Some day, hopefully in the distant future, my number will be up. And when I’ve shuffled off this mortal coil, I hope that I will have done something significant enough to merit a biography. Of course, with the numbers of us under-employed historians around, everybody might be lucky enough to have one.
So…what will the title of your biography be? Note this question is a little different from “What do you want your biography to be called?”…no fair calling yours Modern Casanova or some such.
Mine will be I Can’t Imagine How You Got Here from There: The Constant Wandering of Duke.
I’m hoping to write a book of humorous memoirs from my med school and residency years. I’m going to call it Twenty Years of Schoolin’ and They Put You On the Night Shift.
That or Mortality Play. (Maybe that will be the follow-up.)
My memoirs will be entitled “I Barfed on Mickey Mouse.”
When I was about 4 (1972-ish), we went to California and went to Disneyland. My kooky aunt thought it would be a good idea to take ME (for whom there is rarely enough Dramamine on the planet to get me across town) on the spinning teacups. Mickey was there waiting when we got off, and…bleah!

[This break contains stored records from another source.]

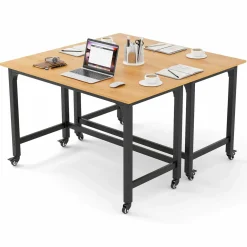 Mobile Computer Desk, Simple Style Rolling Home Office Desk Study Table Writing Desk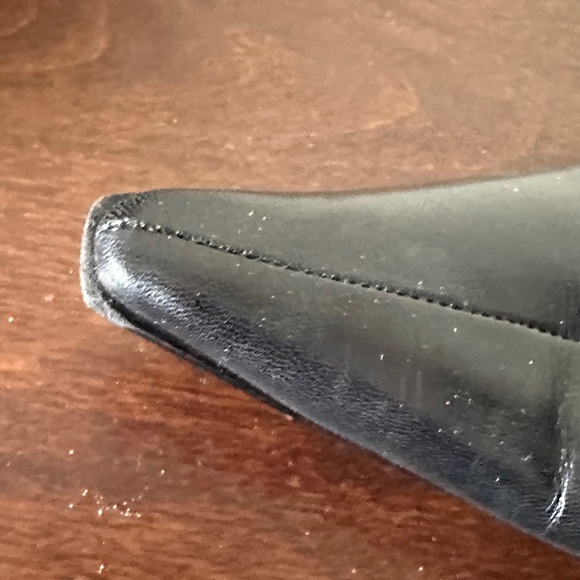 Nine West Black Pointed Toe Leather Ankle Booties with Side Zipper US8.5 - Picture 8 of 13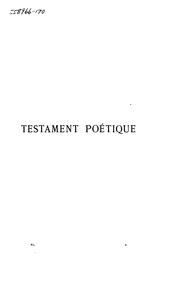 Cover of: Testament poétique: Trois études sociologiques by Sully Prudhomme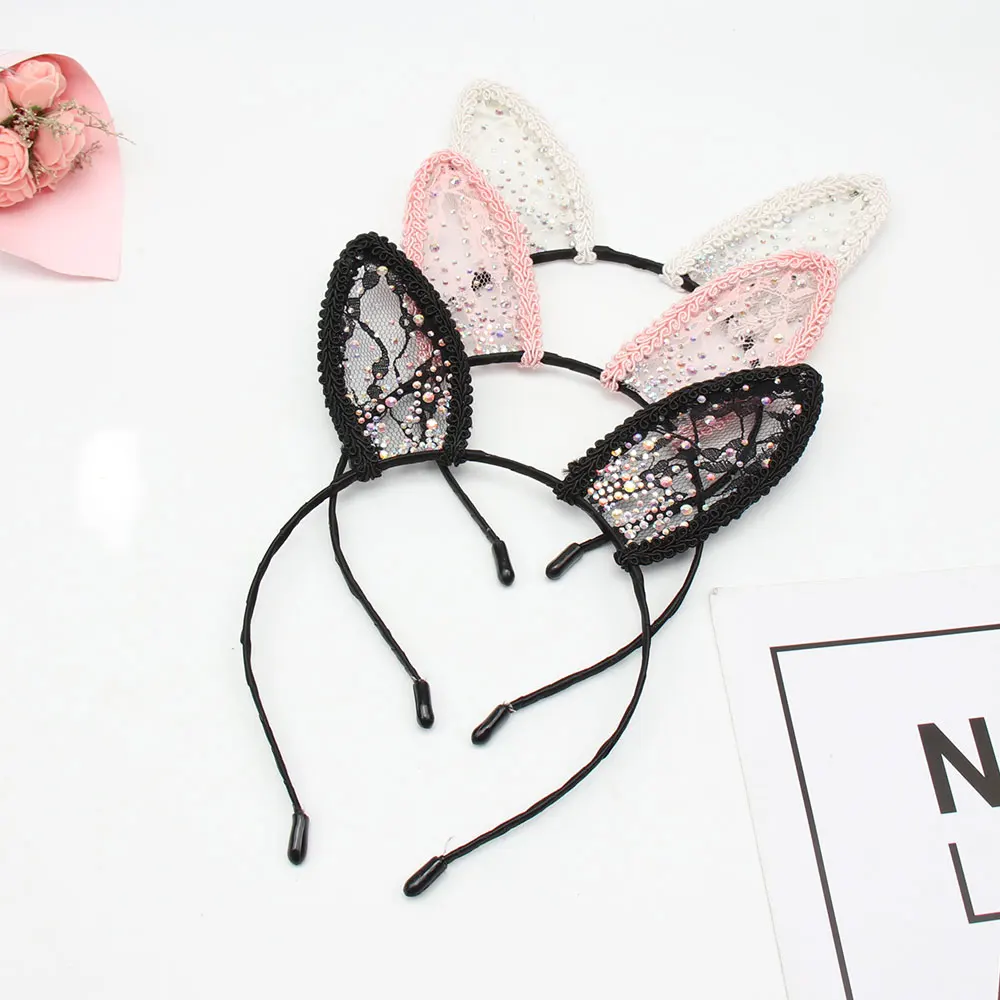 

Oaoleer Hair Accessories Sexy Lace Hair Bands for Women Rhinestone Ears Headbands Cartoon Cosplay Hair Hoop for Sexy Lady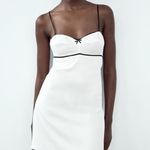 ZARA  mini white dress lace now lingerie casual summer slip satin  Photo 9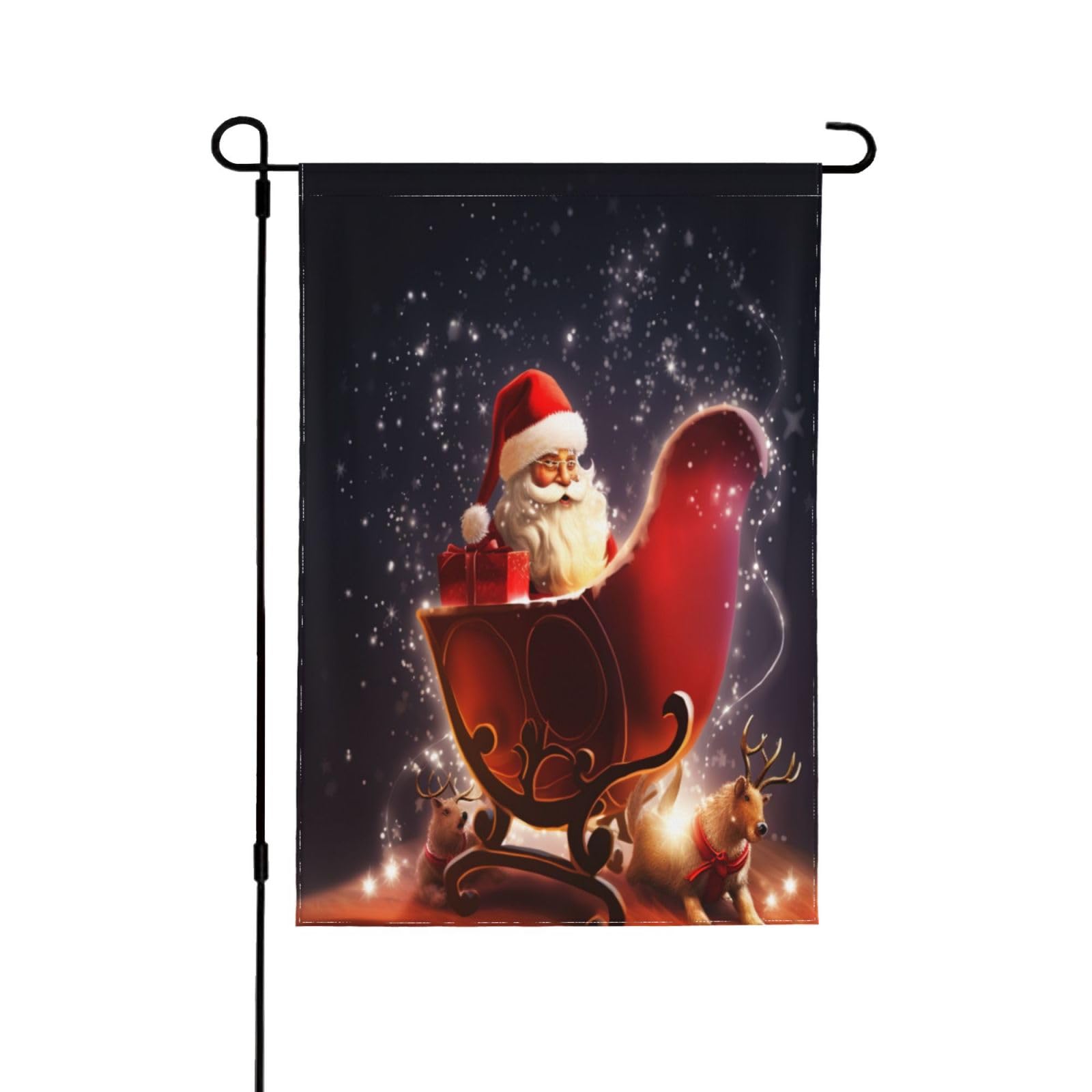 Drapeau de jardin de Noël double face en polyester durable pour décoration extérieure haut de gamme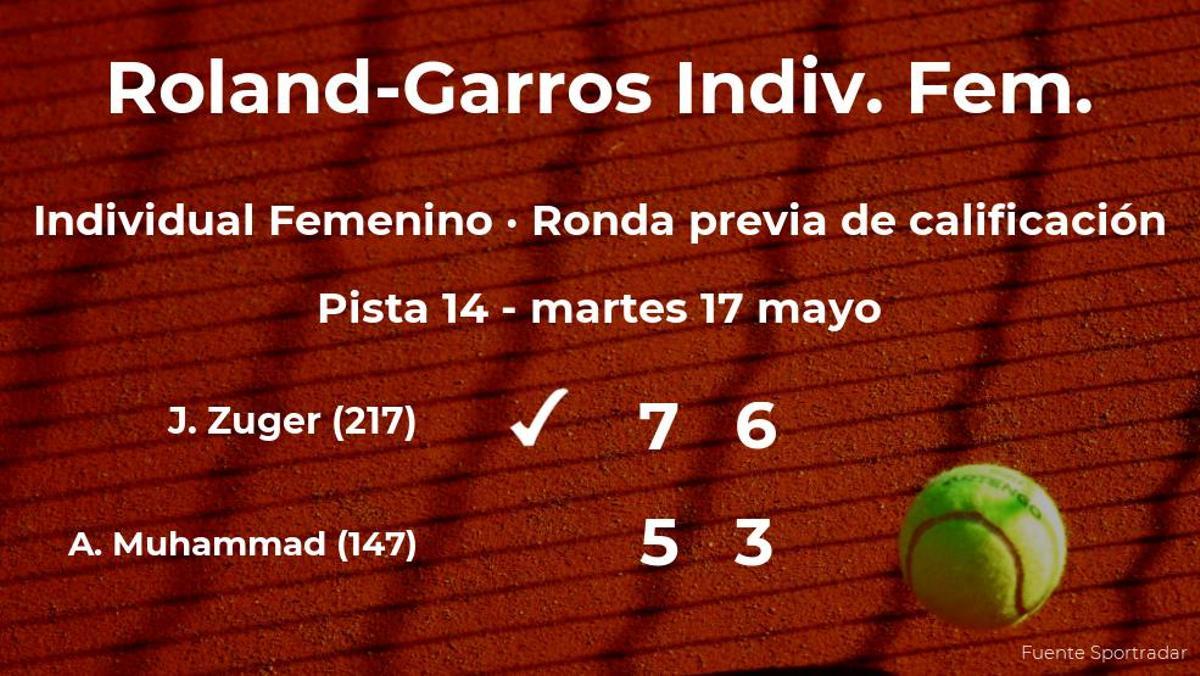 Joanne Zuger venció a Asia Muhammad en la ronda previa de calificación de Roland-Garros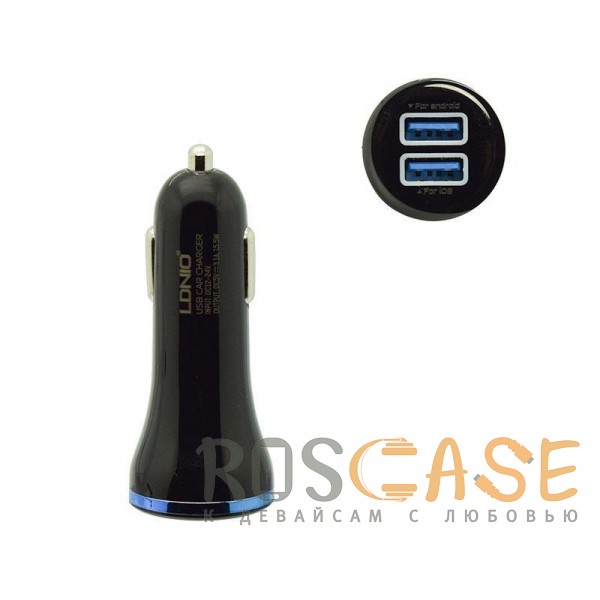 Изображение Черный Автомобильное зарядное устройство LDNIO DL-C23 (2 USB, 3.1A) с кабелем MicroUSB в комплекте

What Rough Beast–written as the world slowly recovers from the horrible aftermath my rabid cult of followers shall inflict upon it after my death of mysterious causes.
Since I do plan on someday writing an autobiography I have put much thought into this in the past. At first I was planning on calling it “Normanite” b/c I grew up in Norman, Ok. and anyone who has ever lived there knows that to call yourself a Normanite is to call yourself a lot of unusual things. But I decided that that name was too general so I have decided to change it to “Glutton for Punishment”. This is b/c most of the interesting things in my story would be about the hardships I have endured, most of which have been self inflicted by my poor decision making. Look for it in a book store near you in about ten to fifteen years.
Either that or I’ve got Better Things to Do. At the tender age of 5, I presaged the entire standardized-test-boycott movement by refusing to take a standardized kindergarten test. The above was my excuse. I refused up until the point where my teacher called up my mom at home and had her come into school to tell me to take the test.